GIVEN MATERIAL:
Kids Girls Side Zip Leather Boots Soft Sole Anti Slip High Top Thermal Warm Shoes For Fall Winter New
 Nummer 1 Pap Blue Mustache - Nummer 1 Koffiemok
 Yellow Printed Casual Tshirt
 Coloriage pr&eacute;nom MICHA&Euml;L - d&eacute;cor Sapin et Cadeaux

WORK REQUIRED:
Starting with the line that has "Nummer 1 Pap", print each remaining line of the listing exactly.

TASK RESULT:
 Nummer 1 Pap Blue Mustache - Nummer 1 Koffiemok
 Yellow Printed Casual Tshirt
 Coloriage pr&eacute;nom MICHA&Euml;L - d&eacute;cor Sapin et Cadeaux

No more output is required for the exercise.